It’s my turn. The man behind the camera is stalled for a minute. He’s staring at my neck. My hair is slicked back with a comb I wet in the drinking fountain, and now half a bite mark shows above my collar. The photographer asks if he can see the whole thing. So I undo my tie and shirt buttons. He’s impressed. He whistles. Now he can see some of my bruises, too, the ones that only show in gym class. And the gym teacher says to him, ‘You can airbrush the picture, right?’

‘Oh, yeah,’ says the photographer, ‘and for a little extra, I can drop by once a week and airbrush the actual kid. Then it won’t matter who’s beating the crap out of him, right?’

So the gym teacher walks away real fast, and I know he’s going to rat this guy out to the headmaster. But the photographer isn’t worried. He winks and says, ‘Well, kid, as Christ on the cross once said of the Romans – fuck ’em if they can’t take a joke.’

I laugh. He snaps the picture.

—Ernest Nadler


By the terms of an agreement forged in the mayor’s office, lawyers would be in attendance for the police interview at the Driscol-Bledsoe residence on the Upper West Side. When Hoffman, the drab employee, opened the door to the detectives, she was still carrying her small Gladstone bag on a shoulder strap. The woman ignored Riker when he asked, ‘What’s in the bag? Is your boss shooting up or snorting it?’

Hoffman left them alone in an entry hall larger than the average New Yorker’s apartment. The floor was a circular chessboard of black-and-white marble tiles, and a polished table at its center was decked out with a profusion of flowers. They strolled past the grand staircase, through an archway and into a space of ballroom proportions and a cathedral ceiling that spoke to Mallory, saying, Money lives here.

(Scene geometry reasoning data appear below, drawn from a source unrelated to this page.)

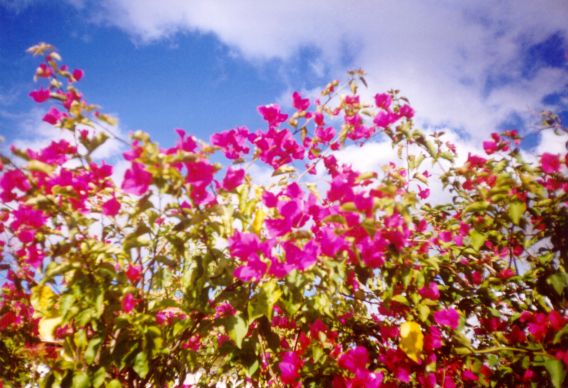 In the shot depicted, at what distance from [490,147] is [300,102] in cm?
142

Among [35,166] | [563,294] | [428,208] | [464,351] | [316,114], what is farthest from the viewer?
[428,208]

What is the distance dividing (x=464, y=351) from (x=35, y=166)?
2625mm

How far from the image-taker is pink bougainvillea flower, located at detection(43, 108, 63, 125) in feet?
5.86

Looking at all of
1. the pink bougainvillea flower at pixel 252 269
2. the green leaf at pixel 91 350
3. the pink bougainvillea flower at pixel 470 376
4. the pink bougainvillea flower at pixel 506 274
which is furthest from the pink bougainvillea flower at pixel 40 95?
the pink bougainvillea flower at pixel 470 376

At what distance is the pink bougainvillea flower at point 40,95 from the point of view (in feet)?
5.96

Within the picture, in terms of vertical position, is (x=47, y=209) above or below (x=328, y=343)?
above

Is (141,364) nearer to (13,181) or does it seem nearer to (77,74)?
(13,181)

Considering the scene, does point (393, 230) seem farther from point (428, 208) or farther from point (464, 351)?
point (428, 208)

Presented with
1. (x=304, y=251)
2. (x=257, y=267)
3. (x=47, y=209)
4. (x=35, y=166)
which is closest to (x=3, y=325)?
(x=47, y=209)

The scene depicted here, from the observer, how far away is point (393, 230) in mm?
1599

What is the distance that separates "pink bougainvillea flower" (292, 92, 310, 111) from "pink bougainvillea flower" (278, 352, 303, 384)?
1775mm

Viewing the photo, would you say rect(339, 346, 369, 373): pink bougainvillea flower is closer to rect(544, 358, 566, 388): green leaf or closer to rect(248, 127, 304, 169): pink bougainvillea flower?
rect(544, 358, 566, 388): green leaf

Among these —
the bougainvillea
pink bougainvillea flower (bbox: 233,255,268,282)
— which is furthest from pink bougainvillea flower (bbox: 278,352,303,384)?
pink bougainvillea flower (bbox: 233,255,268,282)

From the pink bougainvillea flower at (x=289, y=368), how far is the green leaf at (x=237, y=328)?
0.57 meters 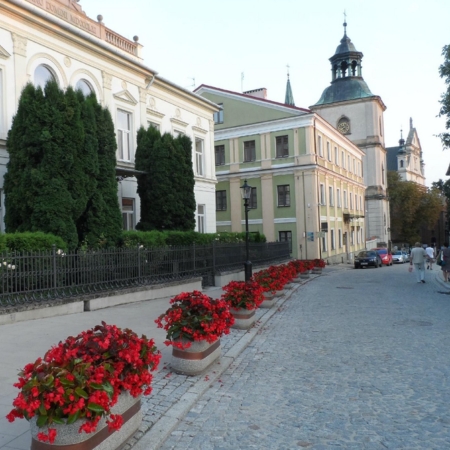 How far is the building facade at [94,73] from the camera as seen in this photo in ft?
49.2

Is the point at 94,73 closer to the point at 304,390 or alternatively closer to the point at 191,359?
the point at 191,359

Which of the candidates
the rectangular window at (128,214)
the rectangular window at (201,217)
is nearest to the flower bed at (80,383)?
the rectangular window at (128,214)

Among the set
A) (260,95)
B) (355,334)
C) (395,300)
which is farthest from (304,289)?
(260,95)

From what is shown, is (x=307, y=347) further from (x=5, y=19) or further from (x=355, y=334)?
(x=5, y=19)

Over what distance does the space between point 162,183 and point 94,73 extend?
502 cm

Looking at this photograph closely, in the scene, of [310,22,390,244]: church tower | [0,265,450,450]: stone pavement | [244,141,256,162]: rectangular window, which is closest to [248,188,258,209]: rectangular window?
[244,141,256,162]: rectangular window

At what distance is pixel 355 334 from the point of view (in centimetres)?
916

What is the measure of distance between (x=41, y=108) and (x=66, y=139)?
3.68ft

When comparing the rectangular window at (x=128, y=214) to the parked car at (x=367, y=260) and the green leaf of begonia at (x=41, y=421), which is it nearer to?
the green leaf of begonia at (x=41, y=421)

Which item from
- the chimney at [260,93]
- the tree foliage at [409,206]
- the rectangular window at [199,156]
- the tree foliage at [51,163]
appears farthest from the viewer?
the tree foliage at [409,206]

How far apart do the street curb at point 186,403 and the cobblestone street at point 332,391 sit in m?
0.08

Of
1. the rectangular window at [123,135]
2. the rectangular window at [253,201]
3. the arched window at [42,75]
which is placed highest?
the arched window at [42,75]

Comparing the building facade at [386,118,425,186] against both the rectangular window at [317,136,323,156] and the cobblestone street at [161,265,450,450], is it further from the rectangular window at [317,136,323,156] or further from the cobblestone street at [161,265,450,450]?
the cobblestone street at [161,265,450,450]

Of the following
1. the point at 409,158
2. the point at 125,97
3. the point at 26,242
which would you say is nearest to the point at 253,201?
the point at 125,97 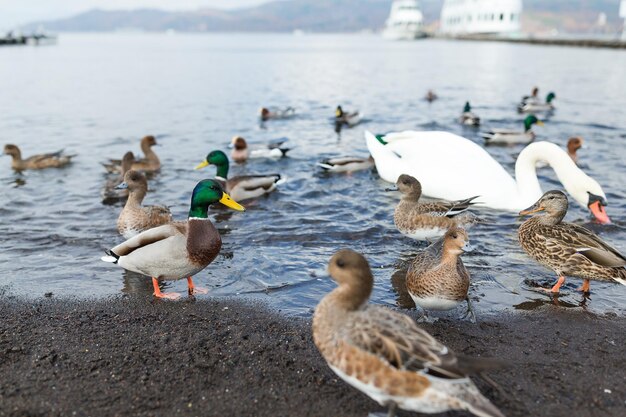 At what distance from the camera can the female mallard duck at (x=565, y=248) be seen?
580 centimetres

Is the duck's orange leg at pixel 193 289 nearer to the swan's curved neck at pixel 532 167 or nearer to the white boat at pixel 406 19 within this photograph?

These environs were familiar in a way. This was a grander version of Charles Butler’s taste – modern art on the walls and antiques on the floor. An education at Barnard allowed her to recognize the style of Frank Stella in a gigantic wall sculpture of curving shapes and primary colors. She was accustomed to artwork on this scale, having viewed it by slides projected on a classroom wall. Mallory could also name Motherwell as the artist of a large work on canvas. And the furniture was an elegant mix of pieces named for the reigns of long-dead kings and queens.

All of this she saw with a cost accountant’s eye.

This was the showroom, the gathering place for cocktail parties, for independent conversations upon a loveseat here and couches over there, and circles of armchairs on the far side. Though visitors clearly came here not to be entertained, but to be cowed by extreme opulence, to stand in awe beneath the largest crystal chandelier that money could buy.

Mallory slowly revolved, finally turning her gaze on Grace Driscol-Bledsoe. The lady of the house was enthroned in a high-back chair by the fireplace – the only chair in that part of the room. She was surrounded by an honor guard of three lawyers, who stood tense and watchful. Their employer tapped one foot, annoyed to be kept waiting.

Well, damn.

As the detectives crossed the wide floor, Mallory deflated the props of the room with a dismissive wave of the hand, saying, ‘All of this belongs to the Driscol Institute, right? The antiques, the art. You don’t even own the house.’

Grace Driscol-Bledsoe barely suppressed a smile of touché and inclined her head to say that this was so.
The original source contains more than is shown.